> _REQUIRED ACTION_
Could you retype only the lines from the one containing "Prinsessaleikki - neulottu" through the final line of the entries, both included, skipping any images?

> _Dataset entries_
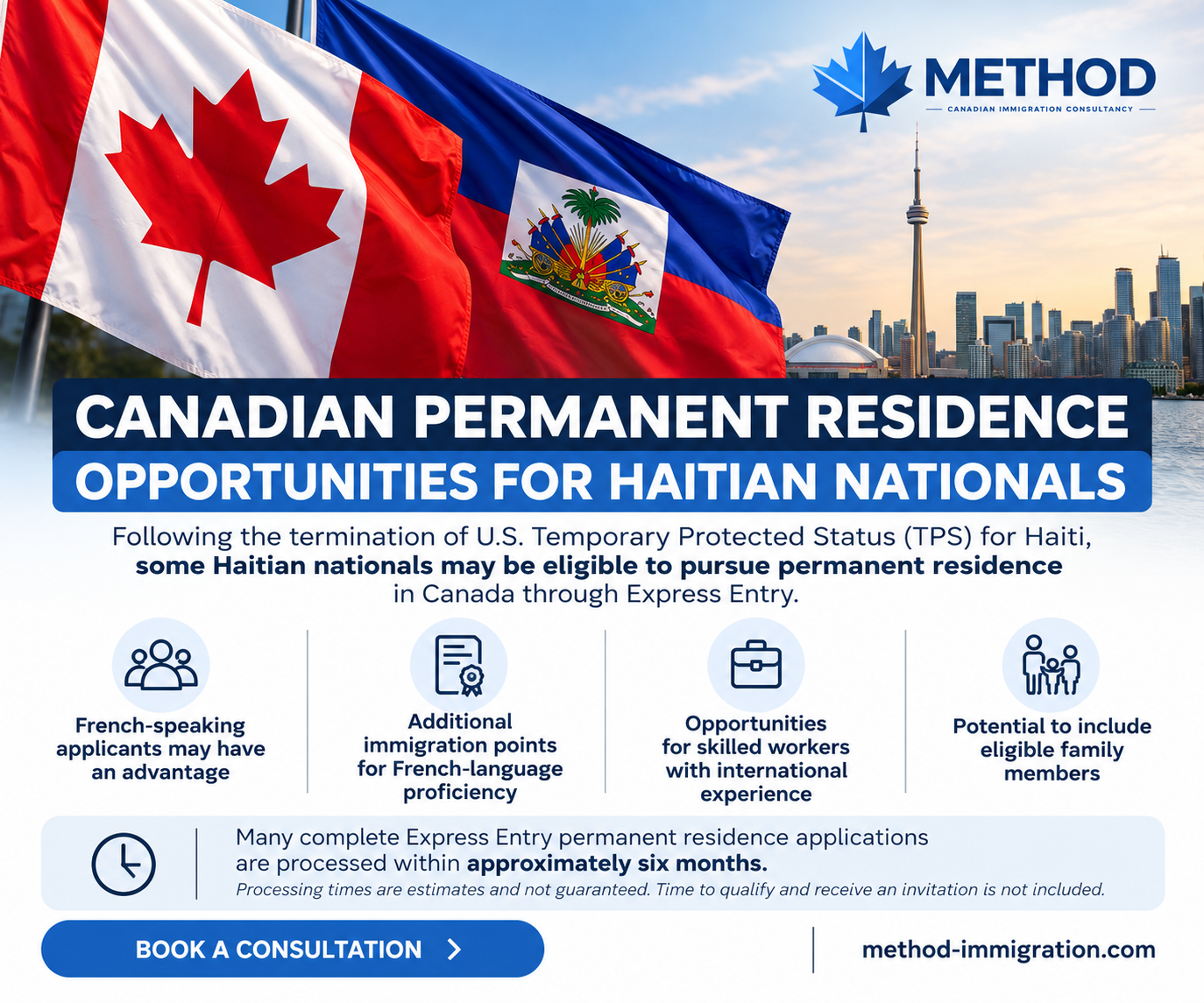 Canadian Immigration Opportunities for Haitians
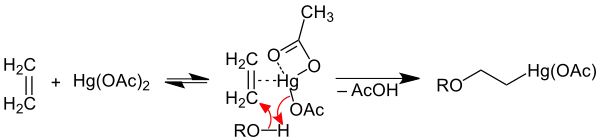 Reaktionsmechanismus der Oxymercurierung
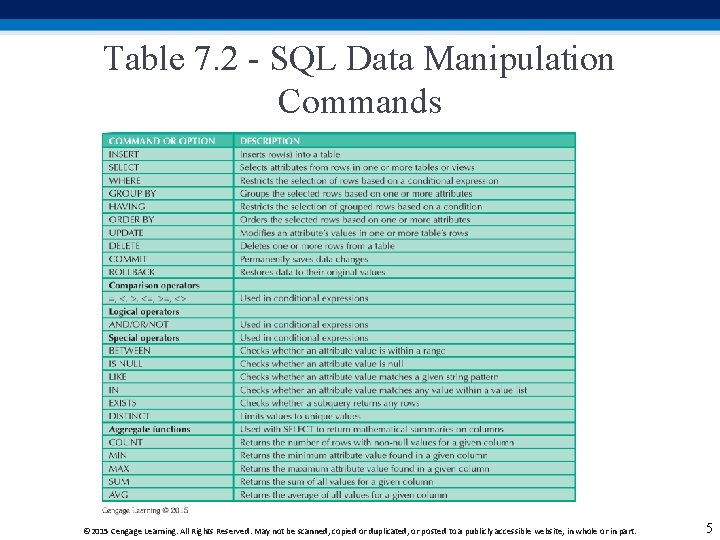 Table 7. 2 - SQL Data Manipulation Commands © 2015 Cengage Learning. All Rights Table 7. 2 - SQL Data Manipulation Commands © 2015 Cengage Learning. All Rights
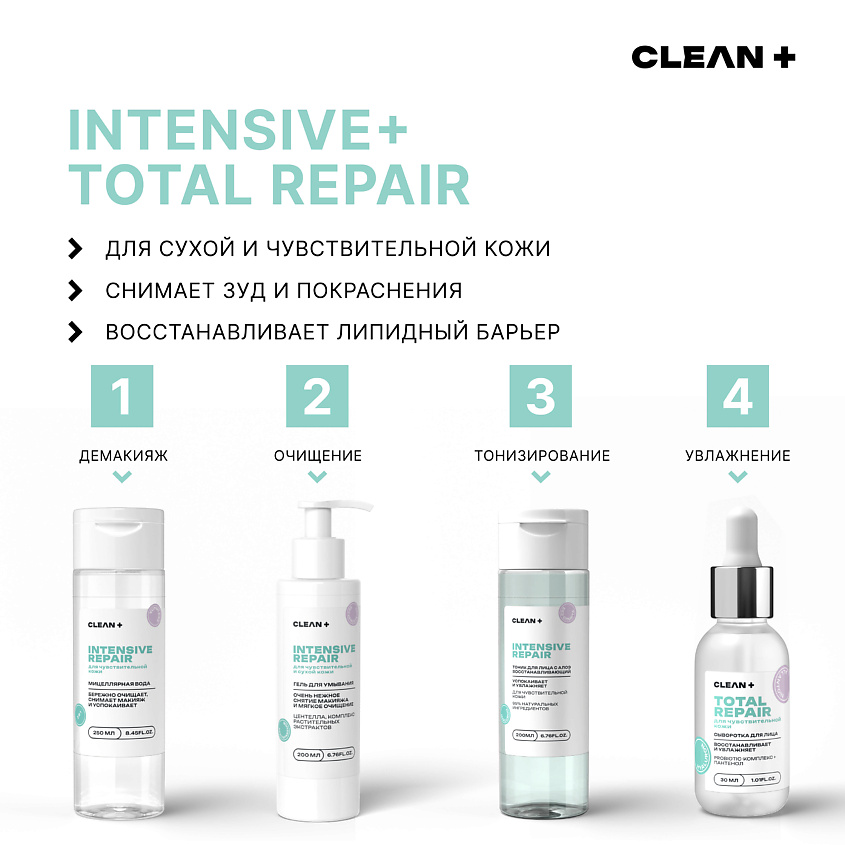 CLEAN+ Крем для лица ночной TOTAL REPAIR – фото 6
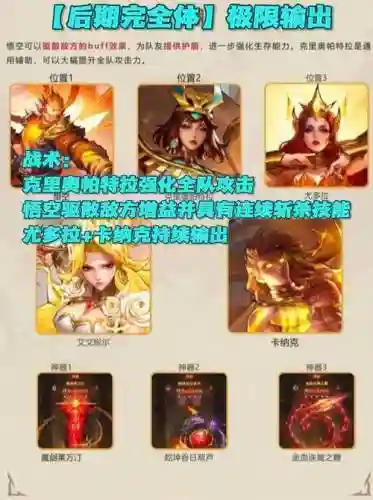 武神阵容搭配攻略插图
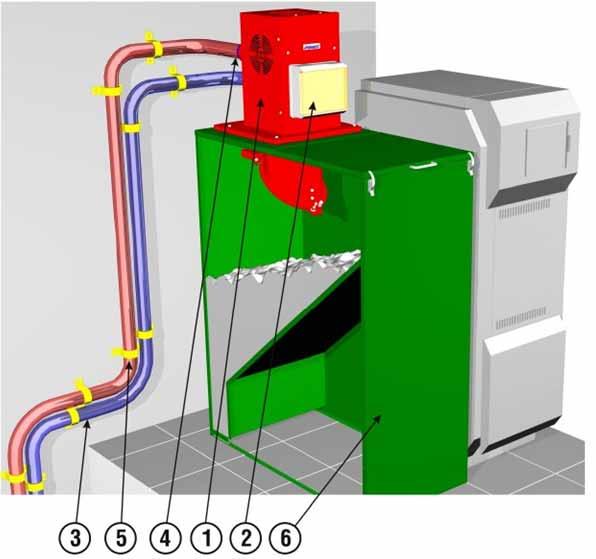 1 PNEUMATICKÝ DOPRAVNÍK PELET 1.1 OBSAH DODÁVKY Sestava kombi: 1. cyklona s vestavěnou turbínou 2. řídící elektronika vč. kabeláže 3. antistatická otěruvzdorná hadice průměr 50mm 4.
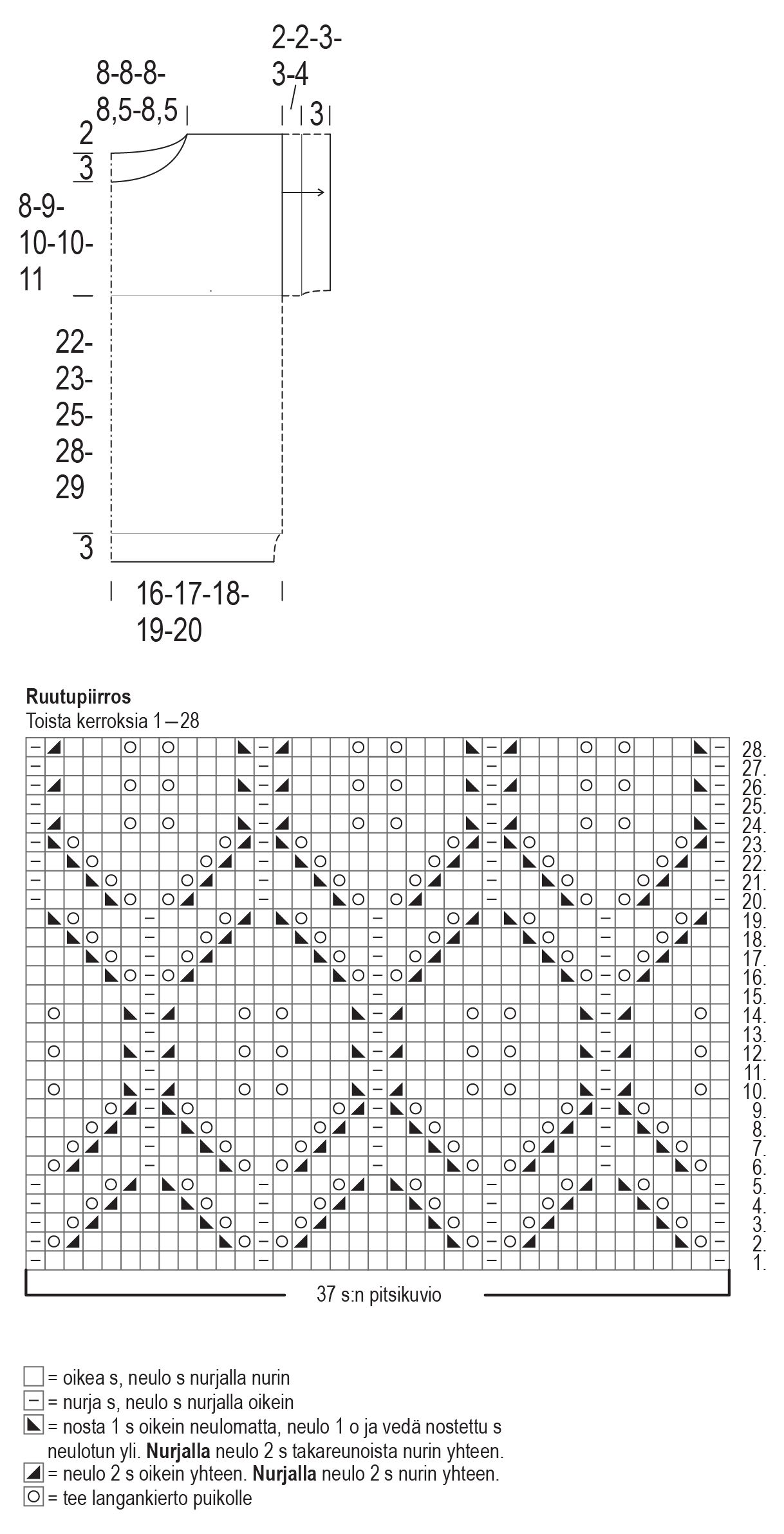 Prinsessaleikki - neulottu t-paita Instruction 1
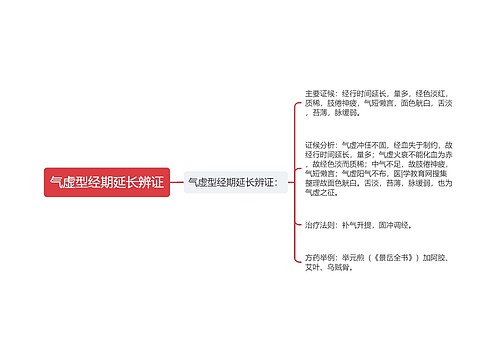 气虚型经期延长辨证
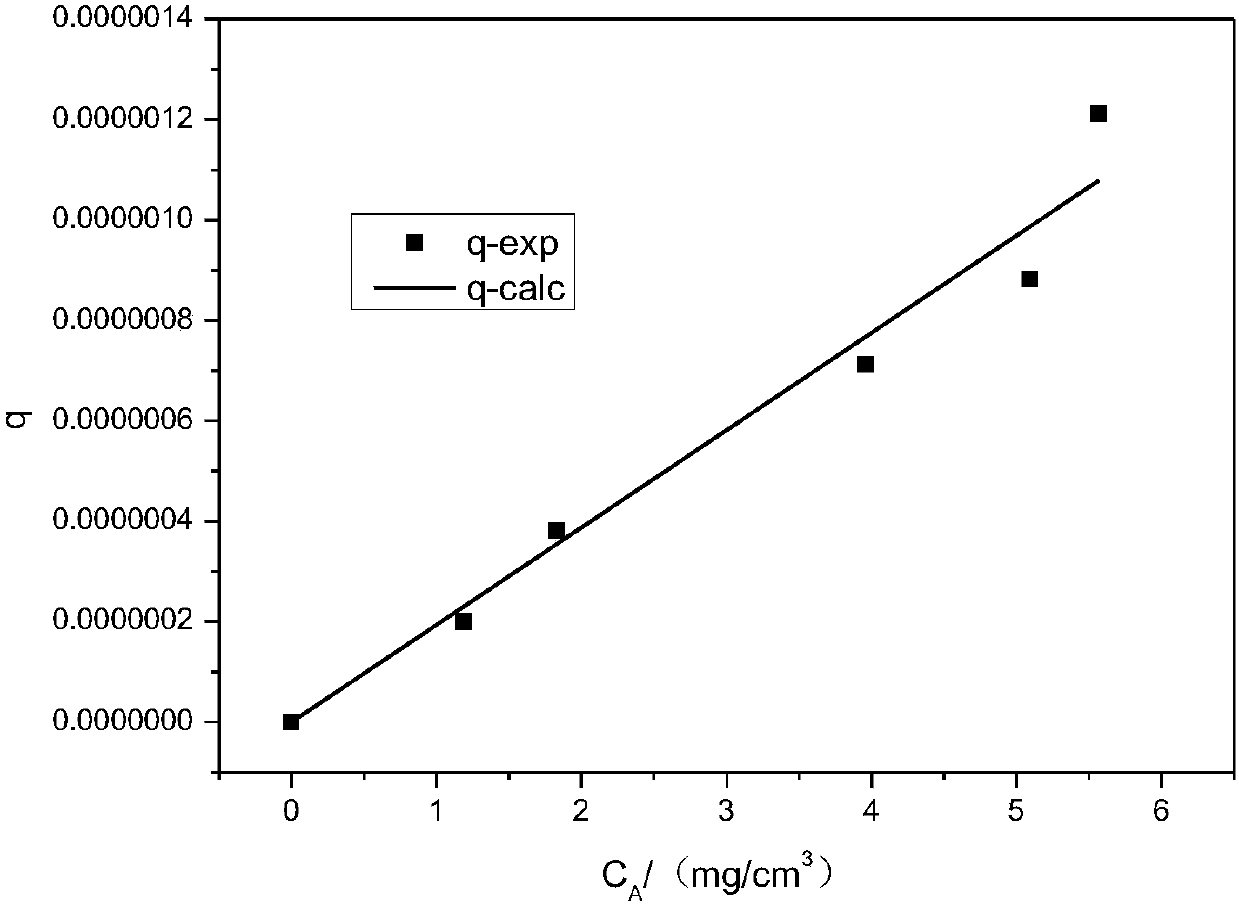 Porous material pore diffusion factor measurement method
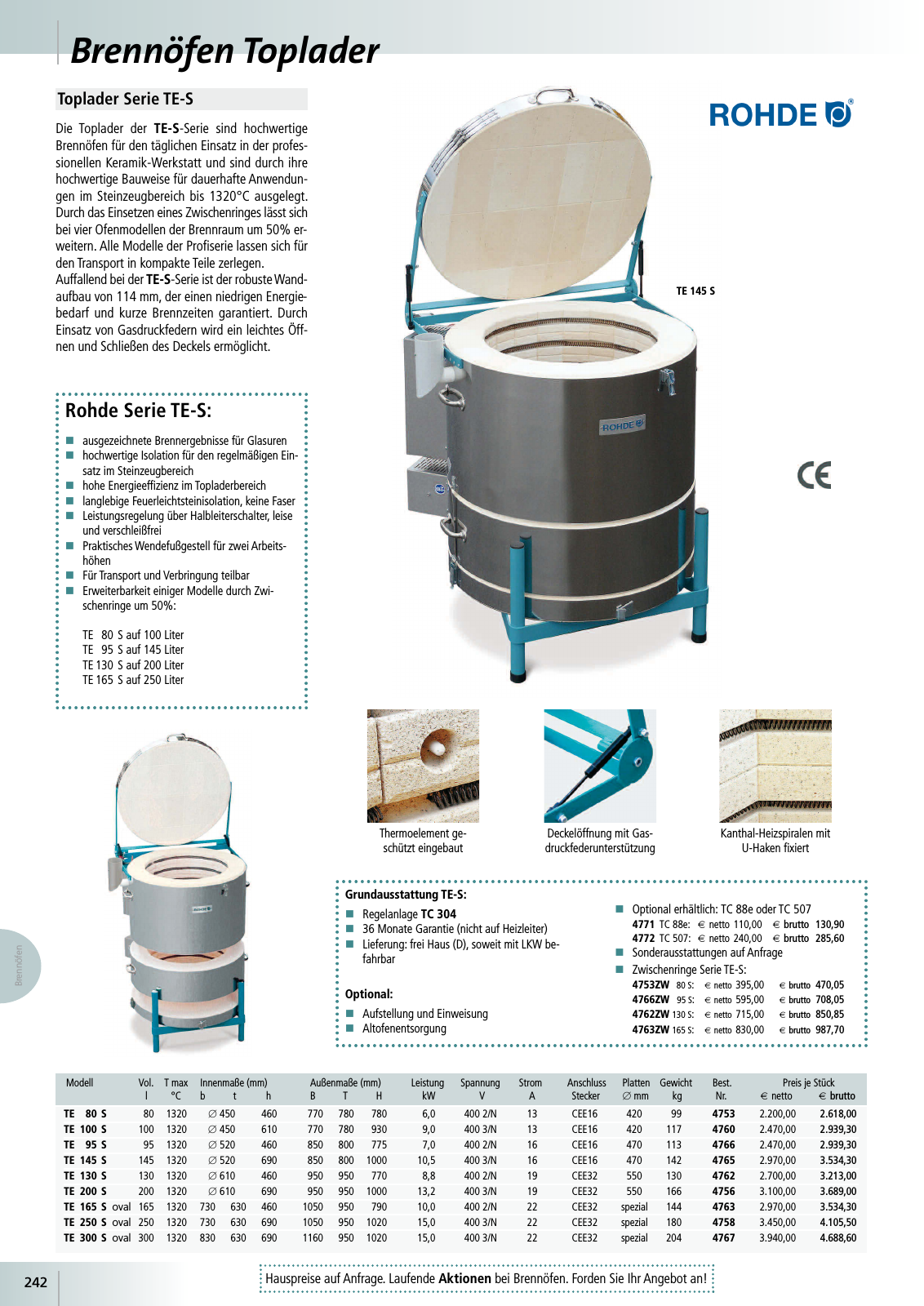 Vorschau BSZ Gesamtkatalog 2020 Seite 242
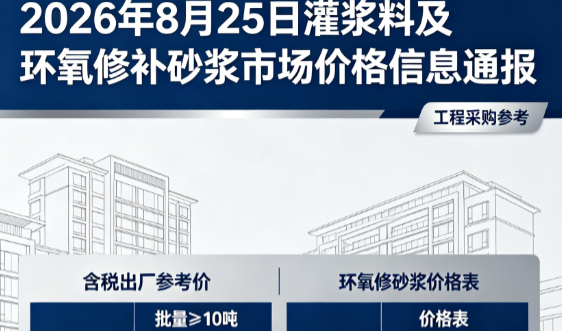 轵城镇2026年8月25日灌浆料及环氧修补砂浆市场价格信息通报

> _OUTPUT OF THE TASK_
 Prinsessaleikki - neulottu t-paita Instruction 1
 气虚型经期延长辨证
 Porous material pore diffusion factor measurement method
 Vorschau BSZ Gesamtkatalog 2020 Seite 242
 轵城镇2026年8月25日灌浆料及环氧修补砂浆市场价格信息通报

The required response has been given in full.